By Kirsty Needham and Lucy Craymer
SYDNEY/WELLINGTON (Reuters) -The Solomon Islands confirmed on Friday it was creating a partnership with China to tackle security threats and ensure a safe environment for investment as it diversifies security relations.
A security pact with the Pacific island nation would be a major inroad for China in a region that U.S. allies Australia and New Zealand have for decades seen as their "backyard."
Both have expressed concern about the impact on regional security of military cooperation between China and the Solomon Islands after a draft document outlining the proposed cooperation was leaked this week. The United States expressed similar concerns on Friday.
In its first public comment on the matter, the Solomon Islands government said it was "diversifying the country’s security partnership, including with China" and was working to sign a number of agreements with it "to further create a secure and safe environment for local and foreign investments."
"Broadening partnerships is needed to improve the quality of lives of our people and address soft and hard security threats facing the country," it said in a statement.
On Thursday, a Solomon Islands official told Reuters a security agreement with China covering the military would be sent to its cabinet for consideration. The Solomons has already signed a policing deal with China.
The arrangement would cover humanitarian needs besides maintaining the rule of law, the Solomon Islands said, adding that it needed to rebuild its economy after recent riots and would sign an air services pact with China and increase trade.
A security agreement with Australia, signed in 2017, would be preserved, it added.
Australian Minister for Pacific Zed Seselja said the prime minister of the Solomon Islands, Manasseh Sogavare, had been told of Australia's concern over the discussions with China and Canberra expected "significant pushback in the region."
Australian Prime Minister Scott Morrison, commenting earlier on Friday, said Australia and New Zealand were part of the "Pacific family" and had a history of providing security support and responding to crises.
"There are others who may seek to pretend to influence and may seek to get some sort of hold in the region and we are very conscious of that," he said.
A spokesperson for the U.S. State Department said the draft security agreement and the police deal did not address the underlying issues that contributed to the unrest in November.
"We do not believe PRC security forces and their methods need to be exported," the spokesperson added, referring to the People's Republic of China.
"This would only fuel local, regional and international concerns over Beijing’s unilateral expansion of its internal security apparatus to the Pacific."
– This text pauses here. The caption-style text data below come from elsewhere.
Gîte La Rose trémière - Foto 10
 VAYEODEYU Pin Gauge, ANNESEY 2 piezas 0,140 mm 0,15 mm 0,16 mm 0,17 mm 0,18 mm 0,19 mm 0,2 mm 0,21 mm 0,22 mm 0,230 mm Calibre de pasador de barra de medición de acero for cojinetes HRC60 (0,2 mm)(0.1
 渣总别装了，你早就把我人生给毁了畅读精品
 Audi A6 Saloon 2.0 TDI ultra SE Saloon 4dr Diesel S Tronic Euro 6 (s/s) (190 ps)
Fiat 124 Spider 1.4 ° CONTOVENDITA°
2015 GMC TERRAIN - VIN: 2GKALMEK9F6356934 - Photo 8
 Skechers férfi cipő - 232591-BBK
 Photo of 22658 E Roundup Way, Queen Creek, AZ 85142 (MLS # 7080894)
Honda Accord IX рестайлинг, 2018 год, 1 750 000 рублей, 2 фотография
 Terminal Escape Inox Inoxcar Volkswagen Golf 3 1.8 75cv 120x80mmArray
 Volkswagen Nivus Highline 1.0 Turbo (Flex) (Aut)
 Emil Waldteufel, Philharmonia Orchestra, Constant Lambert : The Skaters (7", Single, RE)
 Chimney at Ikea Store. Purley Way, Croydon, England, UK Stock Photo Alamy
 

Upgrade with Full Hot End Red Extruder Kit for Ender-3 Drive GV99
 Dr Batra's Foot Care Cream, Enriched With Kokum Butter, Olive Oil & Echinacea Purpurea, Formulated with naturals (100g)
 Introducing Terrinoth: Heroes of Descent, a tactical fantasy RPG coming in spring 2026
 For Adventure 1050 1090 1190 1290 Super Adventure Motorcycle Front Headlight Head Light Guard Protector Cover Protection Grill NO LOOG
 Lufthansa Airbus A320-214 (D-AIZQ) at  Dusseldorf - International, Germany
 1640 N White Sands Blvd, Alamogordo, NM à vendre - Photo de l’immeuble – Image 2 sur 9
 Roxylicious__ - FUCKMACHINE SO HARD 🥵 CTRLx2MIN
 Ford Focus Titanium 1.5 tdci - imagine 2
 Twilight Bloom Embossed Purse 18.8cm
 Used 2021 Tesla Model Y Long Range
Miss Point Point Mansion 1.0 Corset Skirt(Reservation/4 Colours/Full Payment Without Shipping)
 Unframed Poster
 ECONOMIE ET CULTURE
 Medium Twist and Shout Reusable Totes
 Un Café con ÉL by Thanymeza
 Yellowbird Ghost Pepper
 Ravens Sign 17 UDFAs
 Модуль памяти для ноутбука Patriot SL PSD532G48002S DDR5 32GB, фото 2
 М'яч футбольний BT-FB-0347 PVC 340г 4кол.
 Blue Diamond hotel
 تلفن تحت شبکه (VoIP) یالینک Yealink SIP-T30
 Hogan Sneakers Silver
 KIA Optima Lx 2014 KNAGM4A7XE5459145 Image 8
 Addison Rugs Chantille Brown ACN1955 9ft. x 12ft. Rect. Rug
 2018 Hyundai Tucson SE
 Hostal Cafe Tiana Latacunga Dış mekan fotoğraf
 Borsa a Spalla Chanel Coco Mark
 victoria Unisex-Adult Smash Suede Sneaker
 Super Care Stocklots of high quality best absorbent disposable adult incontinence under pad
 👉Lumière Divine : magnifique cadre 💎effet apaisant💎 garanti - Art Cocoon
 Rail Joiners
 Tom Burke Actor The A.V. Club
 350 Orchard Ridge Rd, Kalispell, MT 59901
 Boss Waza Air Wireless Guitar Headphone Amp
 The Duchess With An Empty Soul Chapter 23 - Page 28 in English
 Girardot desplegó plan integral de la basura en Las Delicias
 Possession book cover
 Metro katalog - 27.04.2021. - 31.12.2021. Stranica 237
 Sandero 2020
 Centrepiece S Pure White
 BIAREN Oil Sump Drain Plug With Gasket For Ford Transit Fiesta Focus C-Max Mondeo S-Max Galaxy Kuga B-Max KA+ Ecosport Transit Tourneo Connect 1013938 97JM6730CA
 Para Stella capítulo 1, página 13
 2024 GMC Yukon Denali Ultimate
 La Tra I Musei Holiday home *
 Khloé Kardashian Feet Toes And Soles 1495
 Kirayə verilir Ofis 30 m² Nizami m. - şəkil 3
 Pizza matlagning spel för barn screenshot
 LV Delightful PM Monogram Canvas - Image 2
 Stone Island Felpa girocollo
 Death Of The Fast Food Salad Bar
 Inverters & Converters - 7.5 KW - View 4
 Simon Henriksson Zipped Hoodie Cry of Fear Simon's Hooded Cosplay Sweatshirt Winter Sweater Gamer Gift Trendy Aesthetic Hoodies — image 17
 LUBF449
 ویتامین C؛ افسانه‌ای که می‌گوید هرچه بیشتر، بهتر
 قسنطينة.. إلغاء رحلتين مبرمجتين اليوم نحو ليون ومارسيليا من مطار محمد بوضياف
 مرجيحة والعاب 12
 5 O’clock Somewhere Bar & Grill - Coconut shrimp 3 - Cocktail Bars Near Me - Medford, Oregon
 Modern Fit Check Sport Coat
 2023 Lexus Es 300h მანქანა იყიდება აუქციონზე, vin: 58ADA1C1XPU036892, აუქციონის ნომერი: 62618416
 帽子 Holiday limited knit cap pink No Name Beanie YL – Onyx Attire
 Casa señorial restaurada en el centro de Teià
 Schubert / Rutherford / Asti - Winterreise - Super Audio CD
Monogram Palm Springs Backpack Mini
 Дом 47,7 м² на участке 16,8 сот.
Last month, Washington said it would open an embassy in Honiara amid fears China was seeking to strengthen military relations there.
'UNSETTLING INFLUENCES'
Former Australian Prime Minister Kevin Rudd told ABC Radio the proposed pact was "one of the most significant security developments that we have seen in decades and it's one that is adverse to Australia's national security interests."
The Pacific Island nation of fewer than a million people, 2,000 km (1,240 miles) northeast of Australia, switched diplomatic recognition to Beijing from Taiwan in 2019, signalling China's growing influence in the Pacific.
New Zealand’s foreign minister, Nanaia Mahuta, said Pacific partners should be transparent in their actions.
"Such agreements will always be the right of any sovereign country to enter into," she said. "However, developments within this purported agreement could destabilise the current institutions and arrangements that have long underpinned the Pacific region's security."
Australia and New Zealand have police in the Solomon Islands, part of a multinational contingent invited by Sogavare to restore order after the riots.
The Solomon Islands resident who published online the leaked draft of the security agreement told Reuters it had come from a police source.
It covers Chinese police and military assisting with social order, disaster response and protecting the safety of Chinese personnel and major projects.
Australia's defence minister, Peter Dutton, said any move to establish a Chinese military base in Solomon Islands would be a matter of concern.
"We want peace and stability in the region," Dutton told Channel Nine. "We don't want unsettling influences and we don't want pressure and coercion that we are seeing from China."
Chinese foreign ministry spokesman Wang Wenbin called on relevant parties to look at security cooperation between China and the Solomon Islands "objectively and calmly and not over-interpret it."
"Some politicians on the Australian side have published some fallacies of so-called Chinese coercion and deliberately created an atmosphere of tension, which is extremely irresponsible and does not help regional stability and development," Wang told a regular news briefing.